Records supplied
□ □ □
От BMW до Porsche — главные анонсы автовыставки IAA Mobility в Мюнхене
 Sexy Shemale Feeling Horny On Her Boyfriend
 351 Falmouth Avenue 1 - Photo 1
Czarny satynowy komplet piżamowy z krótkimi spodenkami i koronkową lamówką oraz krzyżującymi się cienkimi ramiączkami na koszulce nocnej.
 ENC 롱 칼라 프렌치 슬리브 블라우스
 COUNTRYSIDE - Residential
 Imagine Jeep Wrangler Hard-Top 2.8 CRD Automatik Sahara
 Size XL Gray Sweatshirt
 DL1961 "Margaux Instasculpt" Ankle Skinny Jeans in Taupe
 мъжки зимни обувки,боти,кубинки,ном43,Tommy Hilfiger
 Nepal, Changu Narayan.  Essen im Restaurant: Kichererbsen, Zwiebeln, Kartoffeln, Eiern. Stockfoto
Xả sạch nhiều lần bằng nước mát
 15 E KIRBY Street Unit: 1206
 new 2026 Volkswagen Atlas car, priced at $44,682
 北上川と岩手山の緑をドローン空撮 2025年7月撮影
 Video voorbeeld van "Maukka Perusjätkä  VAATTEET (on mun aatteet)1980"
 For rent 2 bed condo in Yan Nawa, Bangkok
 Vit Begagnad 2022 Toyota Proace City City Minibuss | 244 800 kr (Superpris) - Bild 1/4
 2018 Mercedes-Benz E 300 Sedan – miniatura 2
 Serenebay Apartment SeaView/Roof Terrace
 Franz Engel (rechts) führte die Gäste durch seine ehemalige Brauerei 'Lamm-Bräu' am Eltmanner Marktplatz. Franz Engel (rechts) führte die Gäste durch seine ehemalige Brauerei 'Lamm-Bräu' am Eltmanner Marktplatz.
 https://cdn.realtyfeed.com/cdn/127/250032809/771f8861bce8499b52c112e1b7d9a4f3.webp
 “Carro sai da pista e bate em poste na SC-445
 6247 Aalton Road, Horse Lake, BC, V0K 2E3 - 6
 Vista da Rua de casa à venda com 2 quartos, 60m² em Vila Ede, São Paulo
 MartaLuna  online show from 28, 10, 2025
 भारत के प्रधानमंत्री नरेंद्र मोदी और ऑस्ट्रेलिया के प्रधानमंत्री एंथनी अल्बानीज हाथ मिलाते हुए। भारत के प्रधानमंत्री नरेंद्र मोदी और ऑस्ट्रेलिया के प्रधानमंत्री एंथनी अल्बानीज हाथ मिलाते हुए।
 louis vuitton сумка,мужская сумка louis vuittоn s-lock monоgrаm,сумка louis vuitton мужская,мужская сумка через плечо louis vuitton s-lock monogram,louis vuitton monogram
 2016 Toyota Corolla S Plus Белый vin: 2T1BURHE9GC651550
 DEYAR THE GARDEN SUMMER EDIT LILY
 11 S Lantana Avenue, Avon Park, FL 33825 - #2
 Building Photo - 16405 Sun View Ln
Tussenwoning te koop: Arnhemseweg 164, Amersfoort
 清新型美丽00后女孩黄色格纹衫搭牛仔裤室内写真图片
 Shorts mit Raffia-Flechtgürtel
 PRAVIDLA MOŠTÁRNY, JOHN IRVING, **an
□ □ □
What you have to do
Send back exactly the lines of the listing above starting at the one with "poste na SC-445" and ending at the one with "मिलाते हुए। भारत", inclusive, and no others.

Problem solution
 “Carro sai da pista e bate em poste na SC-445
 6247 Aalton Road, Horse Lake, BC, V0K 2E3 - 6
 Vista da Rua de casa à venda com 2 quartos, 60m² em Vila Ede, São Paulo
 MartaLuna  online show from 28, 10, 2025
 भारत के प्रधानमंत्री नरेंद्र मोदी और ऑस्ट्रेलिया के प्रधानमंत्री एंथनी अल्बानीज हाथ मिलाते हुए। भारत के प्रधानमंत्री नरेंद्र मोदी और ऑस्ट्रेलिया के प्रधानमंत्री एंथनी अल्बानीज हाथ मिलाते हुए।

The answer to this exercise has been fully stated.